In continuation of our series on the law of employment in Vanuatu we will reflect on remuneration under the Employment Act. This area of the law is contained under Part 5, Sections 16 to 21.
Remuneration is any money that you are paid for any work done or any service offered by you.
How are you paid?
You are to be paid in legal tender, that is, cash, or else you can be paid by cheque if this would be reasonable in the circumstances or with your consent. Your employer may even decide to transfer your wages directly to your bank account if you agree.
You can also be paid allowances together with your wages. Those allowances do not have to be in cash but can take the form of goods or other form.

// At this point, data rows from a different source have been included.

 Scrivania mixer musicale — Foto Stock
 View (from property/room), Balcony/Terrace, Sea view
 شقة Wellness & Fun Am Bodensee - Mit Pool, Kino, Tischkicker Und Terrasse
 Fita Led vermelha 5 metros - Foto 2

Such an arrangement is likely to occur in industries or occupations where it is customary or desirable to be paid an allowance in that form, e.g., if you are a grounds keeper your employer may provide you with a house and meals or if you work with a telecommunication or utility company you might receive additional payment in the form of stocks which carry a certain value.

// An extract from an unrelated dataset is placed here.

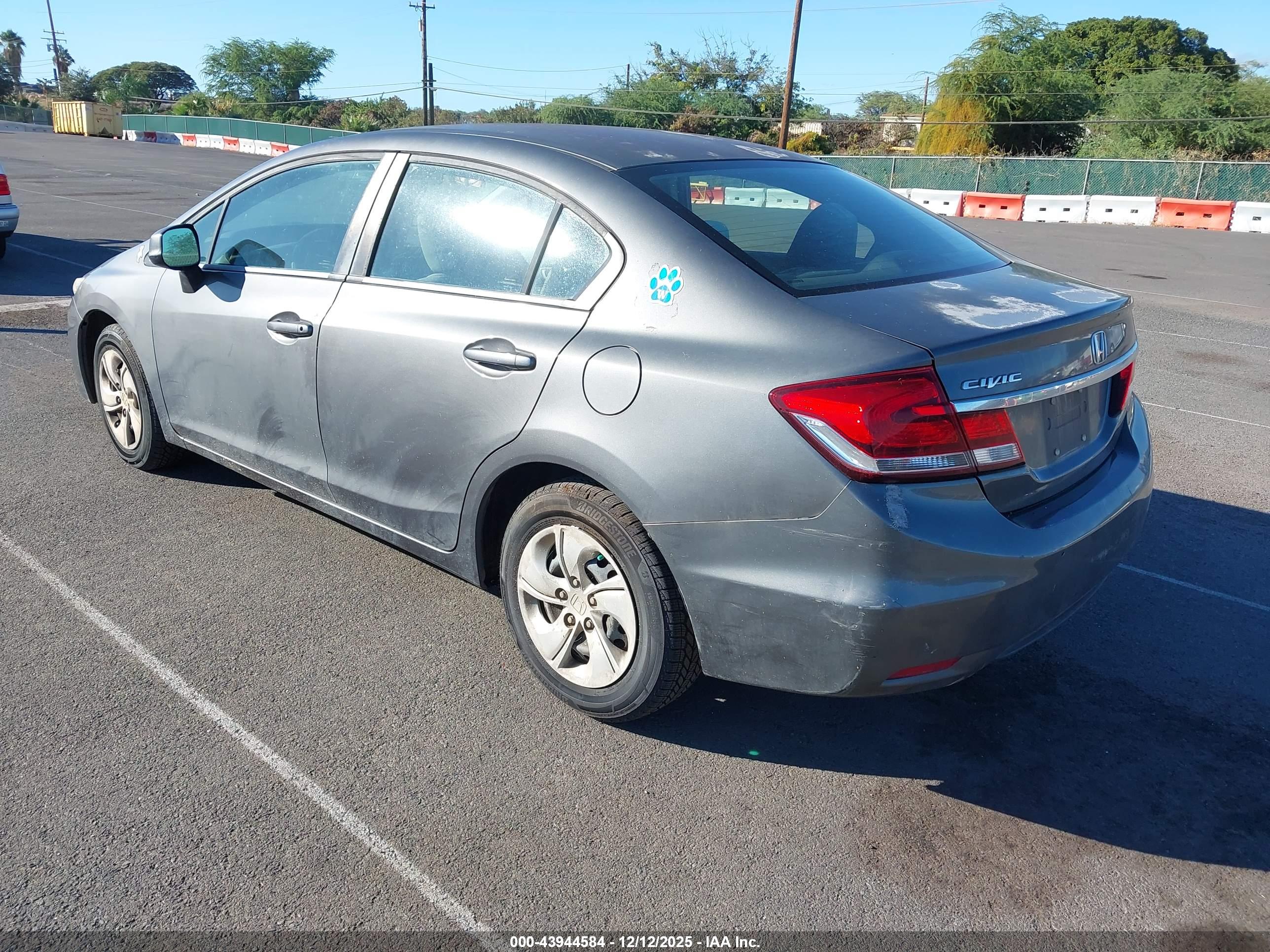 HONDA CIVIC image 3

The law states that such payments must be approved by the Labour Officer in writing, and before the approval is given, he must be satisfied that:
- These allowances are appropriate for the personal use and benefit of the employee and his family;
- The value of this allowance is fair and reasonable.
What you cannot receive as payment
Payment either in full or in part in the form of alcohol or drugs that can harm your physical or mental health is illegal.
Where you are to be paid
If you are paid in cash, then you are to be paid on working days only, either at your place of work or near where you work or else you may be paid anywhere else that has been agreed between you and your employer.
Your employer cannot choose to pay you in a place where people meet to drink alcohol or other similar places, or in shops or stores, or places of amusement e.g. the cinema. Only persons who work in these places can be paid there.
When you are to be paid
You must be paid no later than 8 days after your wages become due. If you are paid by the hour or by the day of the week, your wages are to be paid every 14 days and should not exceed 15 days. Persons who do not get paid by the hour or the week are paid monthly.
If you are paid every 14 days and you also receive allowances or other payments in addition to your wages those may be paid only once a month. If you and your employer agree then the allowances can be paid every 14 days.
Who does the above not apply to?
The above does not apply to a person who does not usually live in Vanuatu once they were hired in another country to work in Vanuatu.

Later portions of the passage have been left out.